Evidemment on peut lire ou relire Hugo, et là on constate un fait simple, le pouvoir de la littérature. Son roman «Notre-Dame de Paris», écrit en 1831, a sauvé cette cathédrale qui était dans un état de délabrement inadmissible. Elle deviendra célèbre grâce au roman de Hugo et sera enfin restaurée de 1844 à 1864. L’architecte Viollet-le-Duc, lui rendra par la même occasion sa flèche.
Certes la cathédrale sera reconstruite, cela prendra du temps, mais pendant ce temps là, il va falloir garder en nous son esprit, le ranger en dehors du bruit et des travaux.
C’est avec la présence, celle d’une haute et belle spiritualité que Notre Dame de Paris retrouvera son identité, notre identité, car elle est ouverte à tout le monde et fait partie de la mémoire du monde.
J’ai grandi dans un Maroc où la coexistence entre musulmans, juifs et chrétiens était chose normale. A l’époque, les années soixante, on nous apprenait l’histoire des religions sans préjugés. On nous disait que l’islam s’est inspiré des valeurs des deux autres religions monothéistes et que nous devons non seulement les respecter mais cultiver les rencontres et le dialogue. C’est cet esprit que le roi Mohammed VI a voulu rappeler au monde le mois dernier quand le pape François a été reçu par le peuple marocain et que les deux souverains ont écouté des chants musulmans, juifs puis chrétiens dans une salle où l’émotion était grande.

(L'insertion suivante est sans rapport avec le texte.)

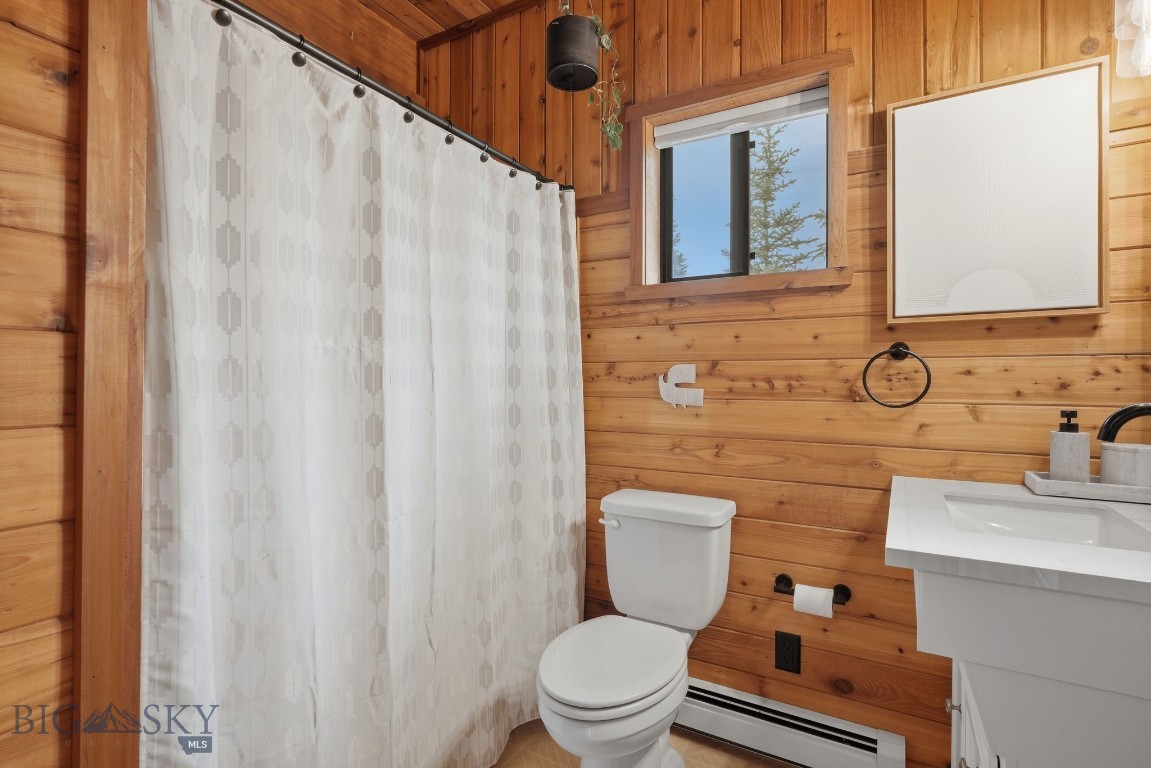 217 Lower Rainbow Road Property Photo 28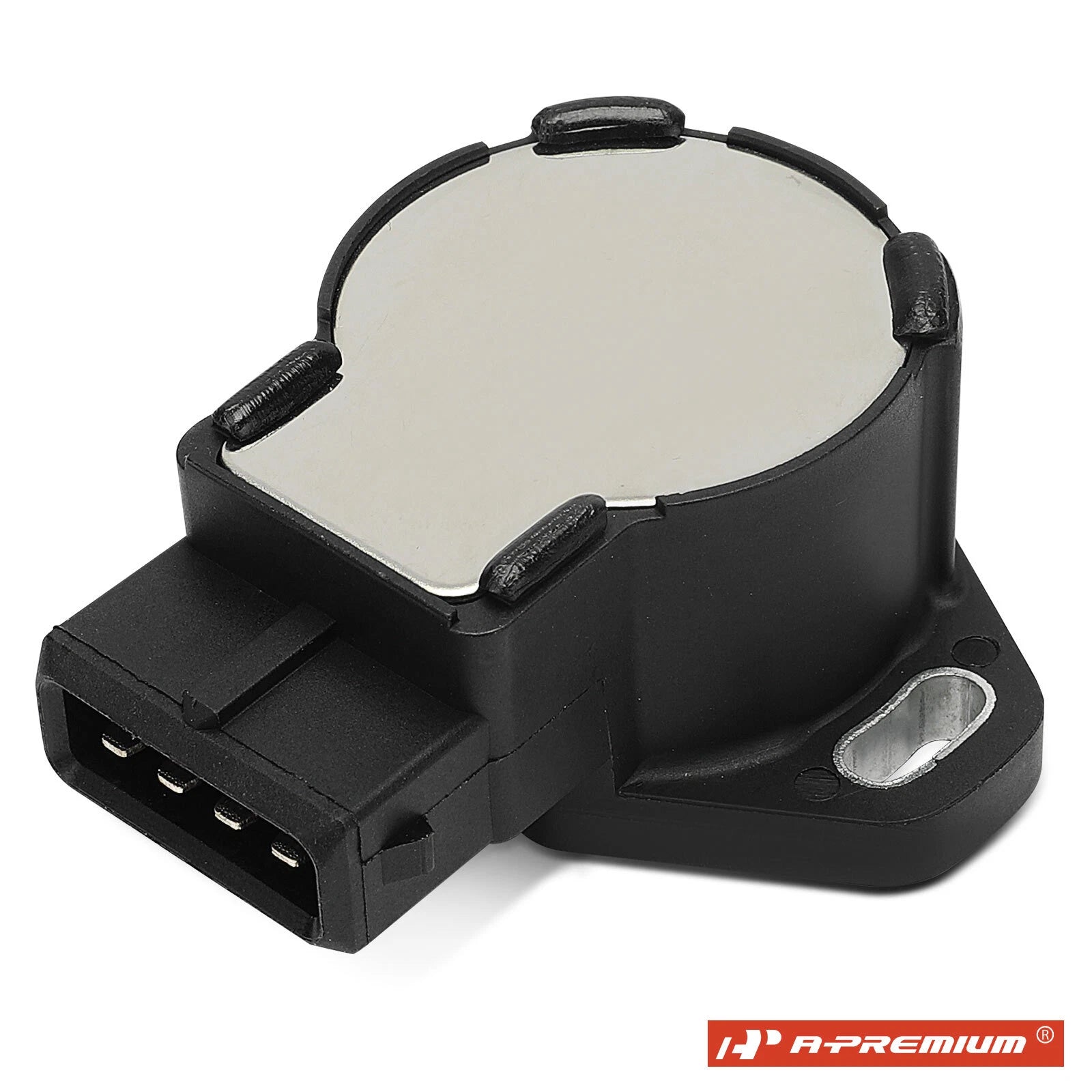 Throttle Position Sensor for Toyota Camry, 4Runner, Land Cruiser (1989)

Notre Dame de Paris a été amputée d’une partie de son corps. Le feu a été gourmand et sans répit. Aujourd’hui, abîmée, rongée et vidée, elle résiste. Son esprit est vivant. Il va falloir beaucoup de temps avant qu’elle récupère ce qu’elle a perdu en quelques heures.

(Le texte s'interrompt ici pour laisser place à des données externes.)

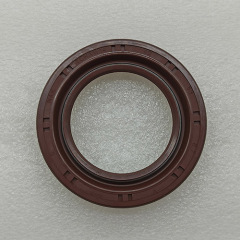 09G-110404A-AM Axle Seal AM 40*63*8.7 09G Automatic Transmission 6 SPEED For AUDI Skoda V olkswagen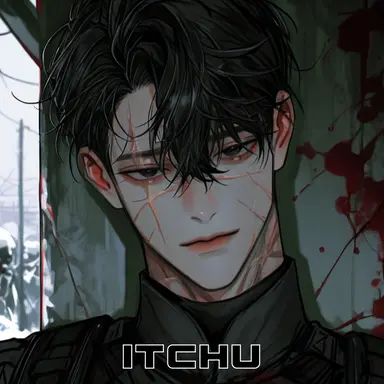 Profile image of 정도하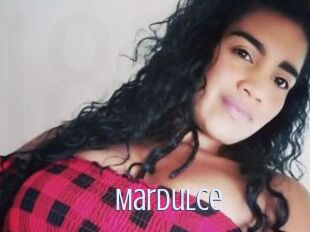 Mardulce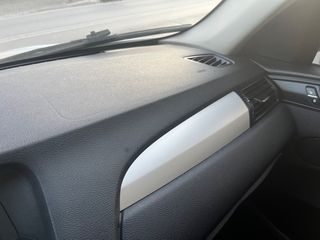 Bmw X3 2015 ΕΛΛΗΝΙΚΗΣ ΑΝΤΙΠΡΟΣΩΠΕΙΑΣ  X-DRIVE 2.0d /8-ΤΑΧΥΤΟ..NAVIGATION-thumb-29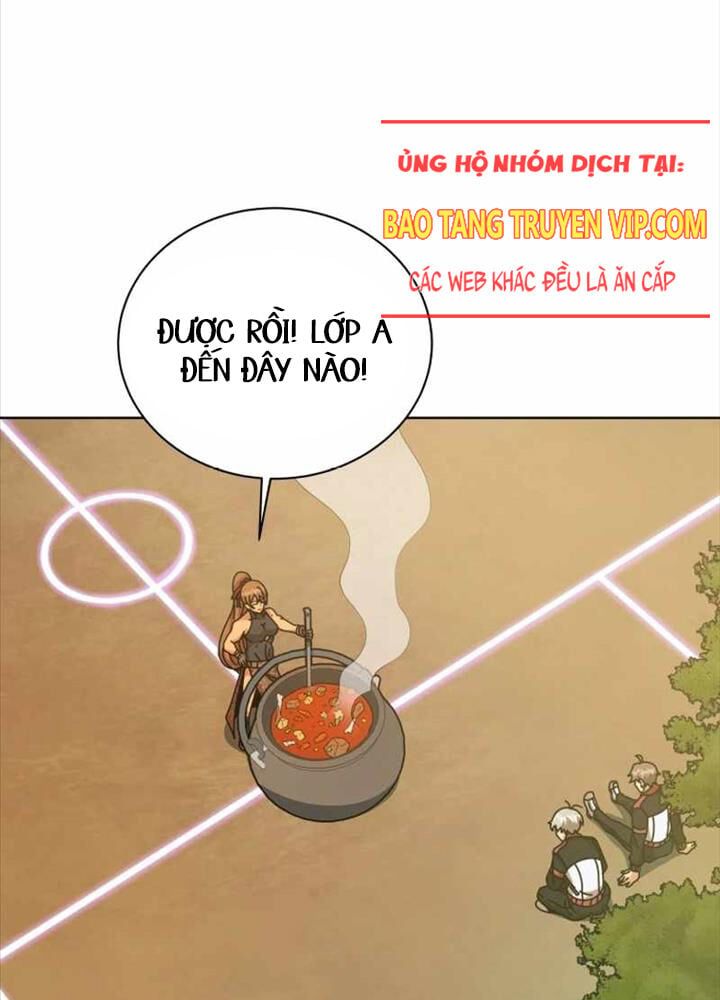 đọc truyện Tử Linh Sư Thiên Tài Của Học Viện Chương 136 ảnh 21 tại Thiên Thai Truyện
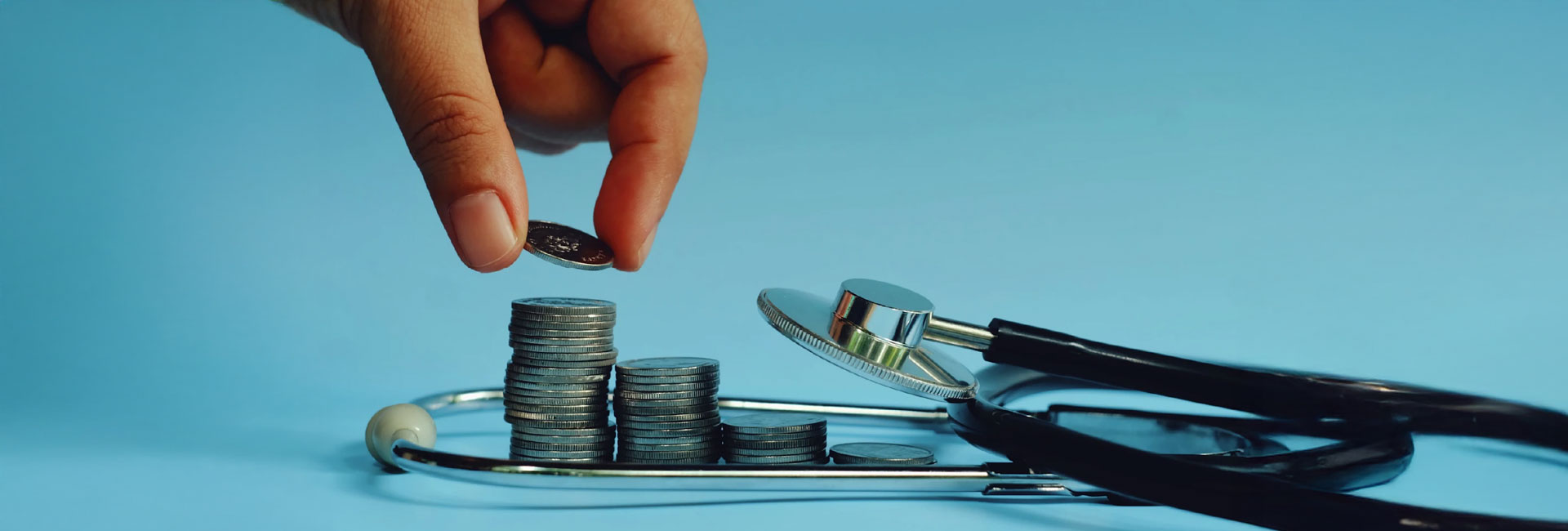 risk-adjustment-services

Reste sa mémoire, sa façade, ses portes magnifiques, son histoire et tant de livres qui lui ont été consacrés.
Par-delà les religions, c’est la beauté qu’il va falloir restituer, la retrouver en imaginant peut-être d’autres façons d’atteindre le sublime. Cette grande brûlée sera sauvée, car le peuple de France sera uni pour lui rendre tout ce que le feu lui a pris. Emmanuel Macron ne s’est pas trompé en profitant de cette occasion pour réclamer une France unie face au désastre. Notre Dame est certes un symbole, et le désastre est aussi ailleurs.